Step 4: Be Picky and Patient
Take your time finding the right house. Avoid settling for a less-than-ideal home due to impatience.
Find a real estate agent who understands your budget and goals. They should be committed to helping you find your dream home.
To be prepared for when the right home comes along, consider these steps:
- Getting pre-approved for a mortgage shows sellers you’re serious and speeds up the closing process.
- Offer earnest money: This deposit demonstrates your interest and is usually 1–2% of the home’s purchase price, applied to your down payment or closing costs. You can typically get most of it back if the deal falls through.
Find a Real Estate Expert in Your Local Market
Whether you’re ready to find your dream home or still preparing, following these steps will help you make a wise purchase.
Once you’re ready, connect with one of our RamseyTrusted real estate agents. These agents adhere to the Ramsey way and share your values, ensuring your home search is in good hands.
Frequently Asked Question
How do I determine my budget for buying a home?

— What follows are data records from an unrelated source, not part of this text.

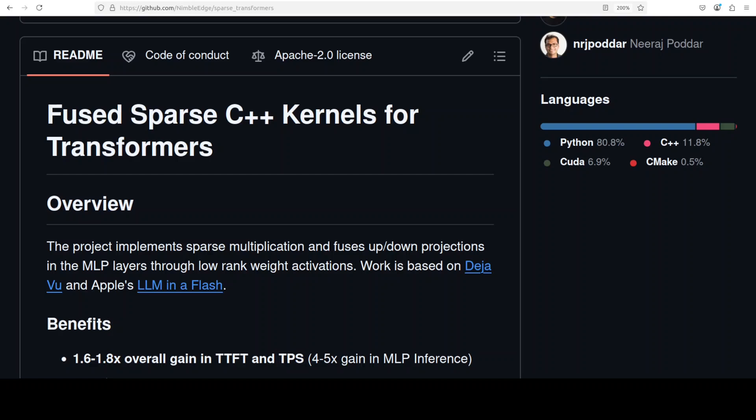Any project which promises to bring down the cost of AI is very near and dear to my heart. This project, sparse transformers, promises to do exactly that. This is Faraz Mirza and I welcome you to the channel.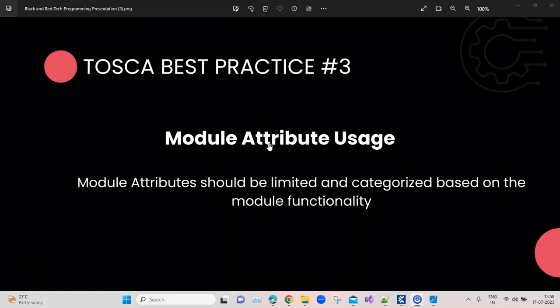Hey everyone, welcome back to our Tosca automation playlist. We are talking about Tosca best practices. Prior to this, I have already shown you two best practices, and this is the third in the series. If you want to watch our previous videos or upcoming videos, I would like you to subscribe to our channel first.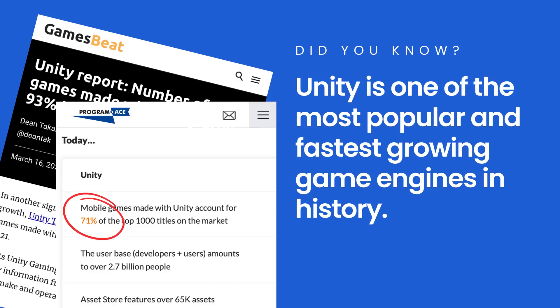So if you're a mobile game developer, a desktop game developer, or a VR developer, Unity is a system you need to know.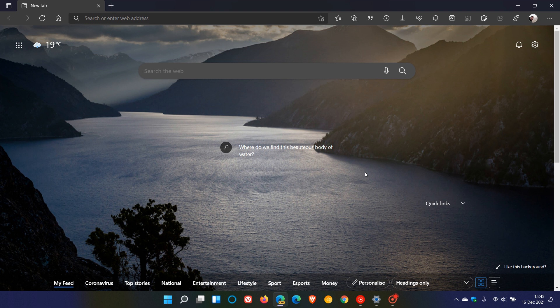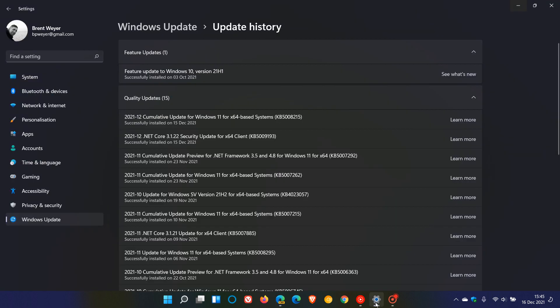This is another update video to the Edge browser war. If you have installed the latest Patch Tuesday cumulative updates for both Windows 10 and 11 that rolled out earlier this week, for Windows 11 that would be KB5008215 and for Windows 10 that would be KB5008212.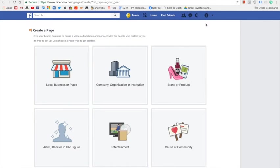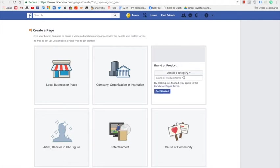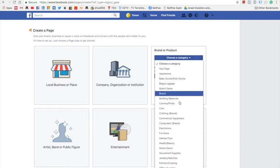You will be directed to this page. In this page we need to select our page's type. Let's choose brand or product. On the category list let's select a website.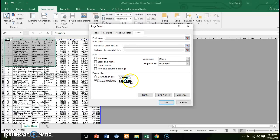That concludes the first of four sections for chapter 4. We will continue on with our next video, which will focus on going over tables and dealing with tables in Excel.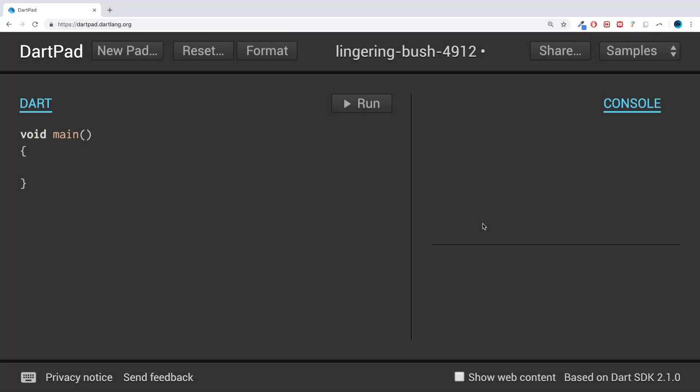Hello, in this Dart programming video, I am going to show you the generic collection in Dart.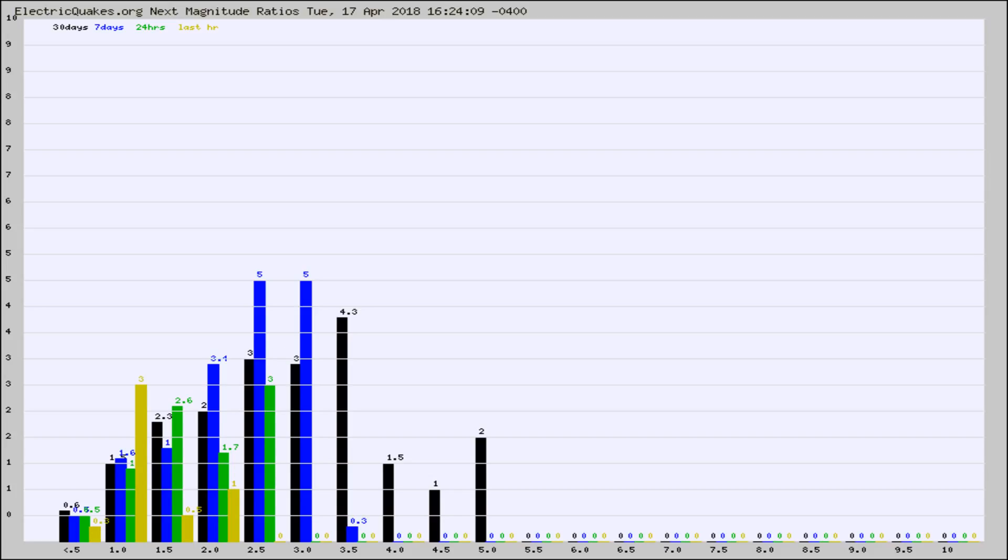Again, the black column is 30 days, blue is 7, green is 24 hours, and gold is in the last hour.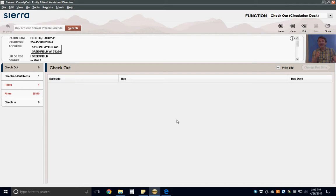Next, check to make sure the library card belongs to the person standing in front of you. Sometimes patrons will try to use a parent, child, or spouse's card. Unless the patron has made arrangements with the library ahead of time, this is not allowed.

To determine your budget, start by assessing your financial situation. Calculate your monthly take-home pay and ensure that your monthly mortgage payment doesn’t exceed 25% of this amount on a 15-year fixed-rate mortgage. Aim to save at least a 20% down payment to avoid private mortgage insurance (PMI). Consider other expenses like property taxes, insurance, and homeowners association (HOA) fees. Use online mortgage calculators to clearly understand what you can afford.

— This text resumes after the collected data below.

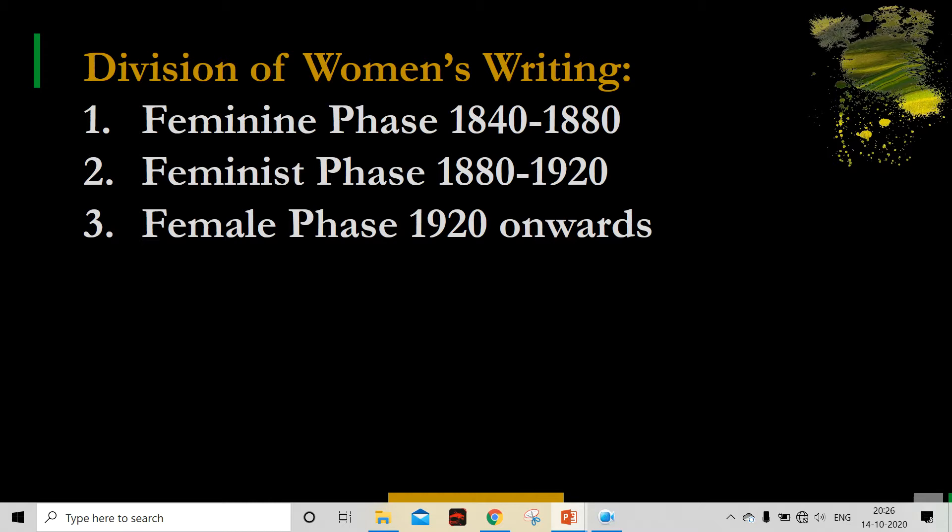Her major contribution to literary theory or feminism is the division of women's writing. She divides women's writing into three phases, which are well-known in feminism. The first phase is the Feminine phase, ranging from 1840 to 1880. Second, we have the Feminist phase, 1880 to 1920. And third, the Female phase, 1920 onwards. We have also made a dedicated video on 'What is Feminism?' — please check that video to understand the primary base of feminism. I will provide the link in the description.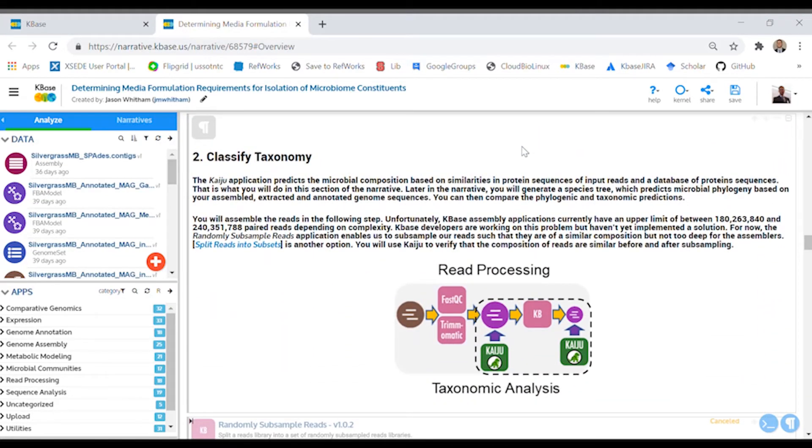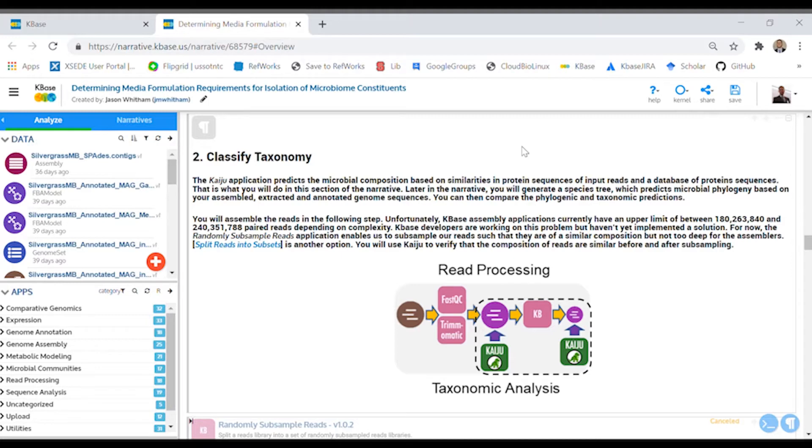Next, you'll evaluate the taxonomy of reads in your dataset, because the following step, assembly, is very computationally intensive and there's a limited amount of computer power you can access in KBase. You'll need to randomly subsample your reads so your assembly job doesn't fail. After you subsample and before you assemble, you'll want to check that the taxonomy of your reads still looks the same as the original dataset.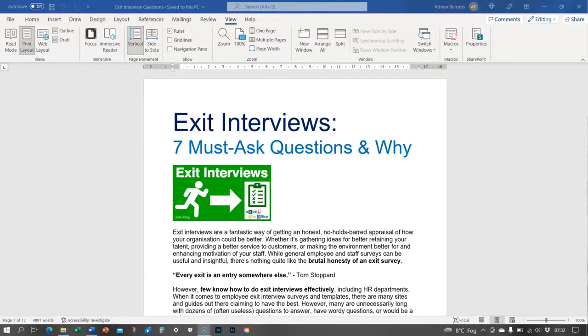Hello, this is Adrian with another Excel at the Office video for you. You can visit my site at eato.blog.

What is home equity, and why is it important?
Home equity is the difference between your home’s current market value and the remaining balance on your mortgage. It’s important because it represents the portion of your home that you truly own. Building equity can help you secure a better loan for your next home and provide a substantial down payment. Equity grows over time as you pay down your mortgage and as your home’s value appreciates.
How do I find out the value of my current home?
To estimate your home’s value, you can use real estate websites like Zillow for a ballpark figure, ask a real estate agent for a competitive market analysis, or hire a professional appraiser. These methods will give you a good idea of your home’s market value, which is crucial for determining your equity and planning your next purchase.
What factors should I consider when choosing my dream home?
When choosing your dream home, consider factors such as location, layout, space, and future value. Look for a neighborhood that fits your lifestyle and has good schools, even if you don’t have children, as this can increase your home’s value. Ensure the home’s layout and size meet your current and future needs. Research whether home values in the area are rising, indicating a good investment.
Should I get preapproved for a mortgage before house hunting?
Yes, getting preapproved for a mortgage is highly recommended. It shows sellers that you are a serious buyer and gives you a clear understanding of how much you can afford. Preapproval can also speed up the closing process once your offer is accepted, giving you an advantage in competitive markets.
Conclusion
Buying your dream home is a significant milestone that requires careful planning and financial preparation. By understanding your budget, building and assessing your home equity, and getting preapproved for a mortgage, you set a strong foundation for this important purchase. Consider the key factors of location, space, and future value to ensure your new home meets your needs and represents a sound investment. Partnering with a knowledgeable real estate agent can make the process smoother and help you navigate the complexities of the housing market.